Work request>
Print the whole listing again exactly, keeping no pictures in it.

Records for this task START

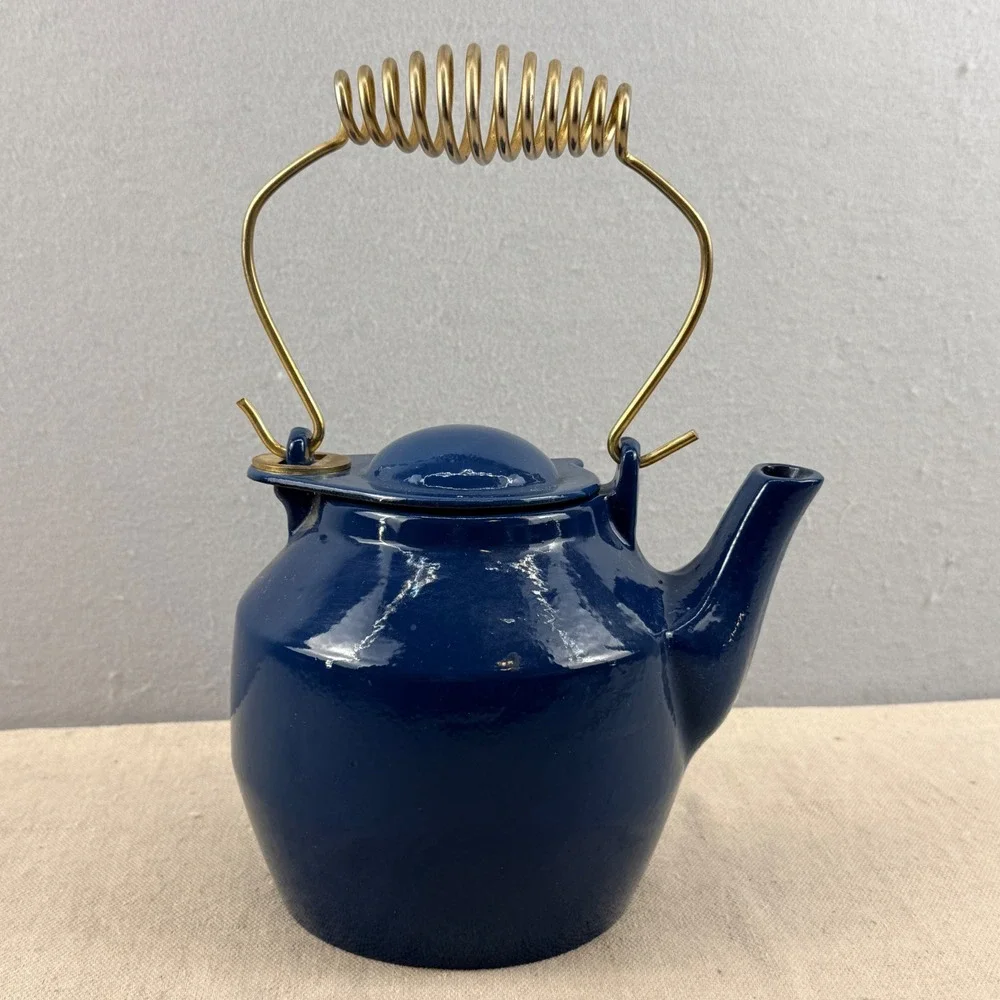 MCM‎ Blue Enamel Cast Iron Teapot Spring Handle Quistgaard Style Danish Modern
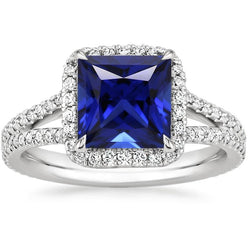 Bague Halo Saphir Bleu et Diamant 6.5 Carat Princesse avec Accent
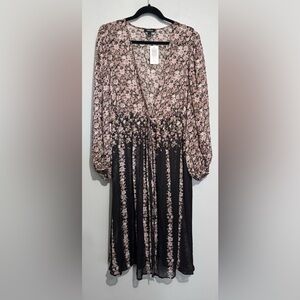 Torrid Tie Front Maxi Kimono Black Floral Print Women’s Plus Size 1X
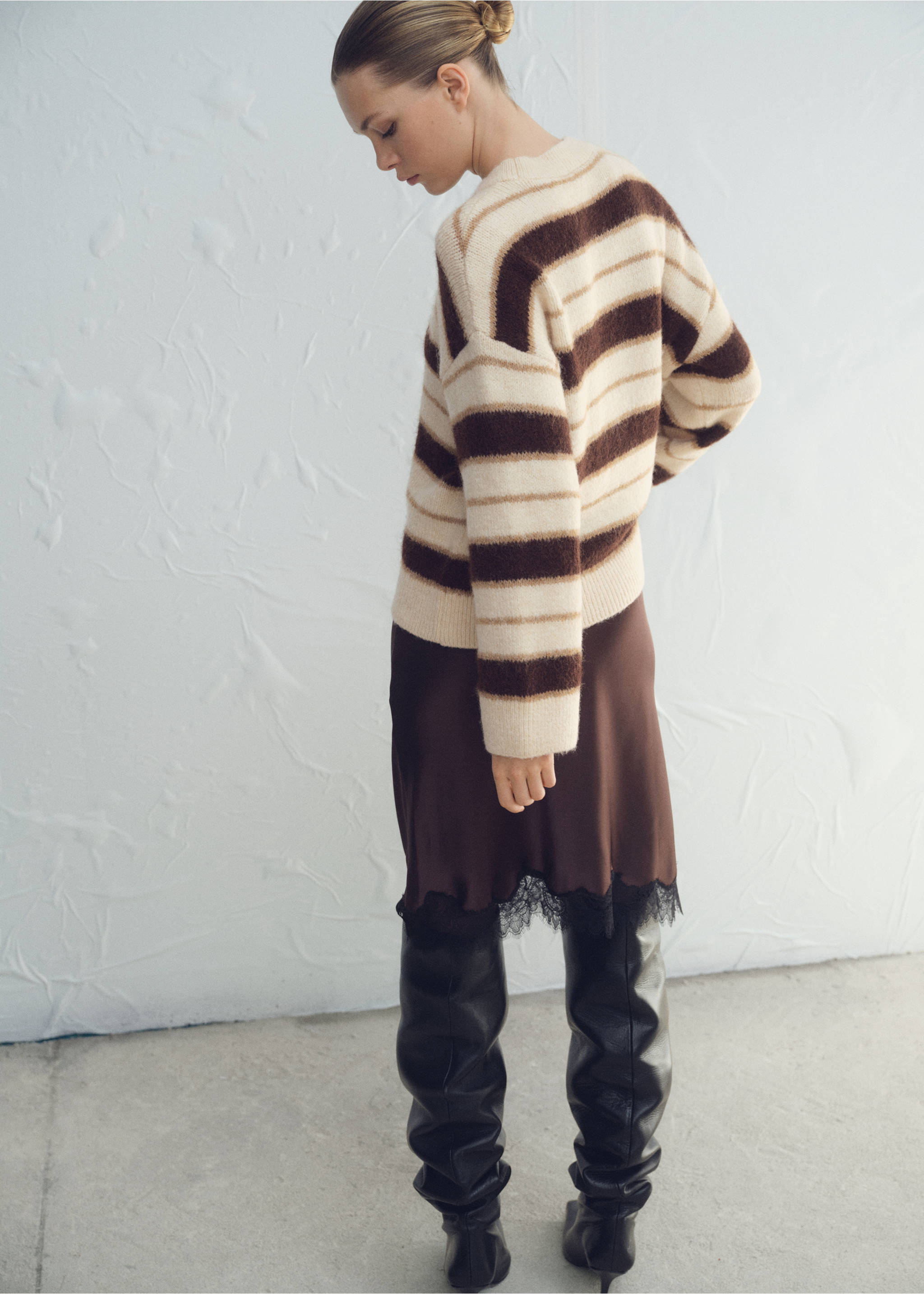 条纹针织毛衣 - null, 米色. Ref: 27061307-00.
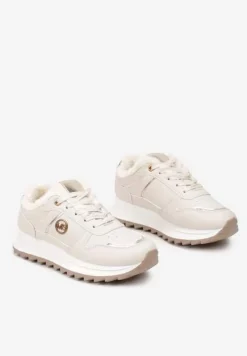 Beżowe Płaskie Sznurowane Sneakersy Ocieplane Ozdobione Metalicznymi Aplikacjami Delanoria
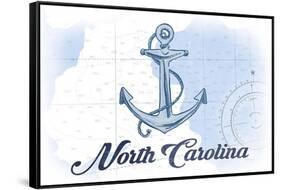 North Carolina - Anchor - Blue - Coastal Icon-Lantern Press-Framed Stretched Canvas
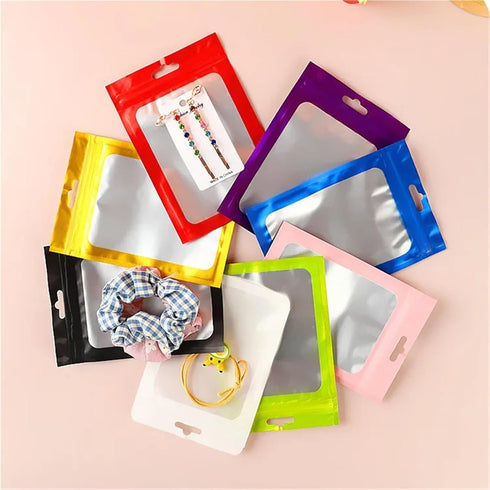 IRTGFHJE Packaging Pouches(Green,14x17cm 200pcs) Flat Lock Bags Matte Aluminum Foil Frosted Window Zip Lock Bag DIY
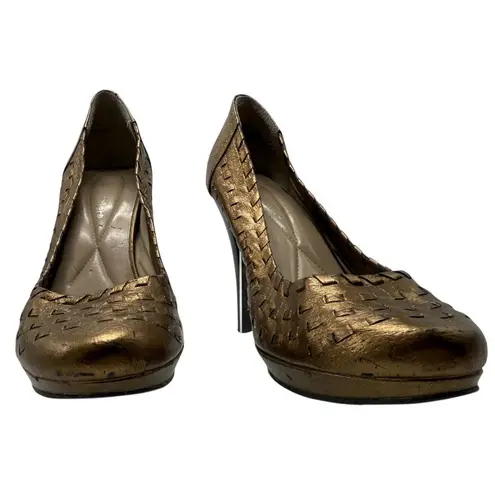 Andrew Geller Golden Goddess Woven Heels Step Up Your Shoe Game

Records for this task END

Response>
 MCM‎ Blue Enamel Cast Iron Teapot Spring Handle Quistgaard Style Danish Modern
 Bague Halo Saphir Bleu et Diamant 6.5 Carat Princesse avec Accent
 Torrid Tie Front Maxi Kimono Black Floral Print Women’s Plus Size 1X
 条纹针织毛衣 - null, 米色. Ref: 27061307-00.
 Beżowe Płaskie Sznurowane Sneakersy Ocieplane Ozdobione Metalicznymi Aplikacjami Delanoria
 North Carolina - Anchor - Blue - Coastal Icon-Lantern Press-Framed Stretched Canvas
 IRTGFHJE Packaging Pouches(Green,14x17cm 200pcs) Flat Lock Bags Matte Aluminum Foil Frosted Window Zip Lock Bag DIY
 Andrew Geller Golden Goddess Woven Heels Step Up Your Shoe Game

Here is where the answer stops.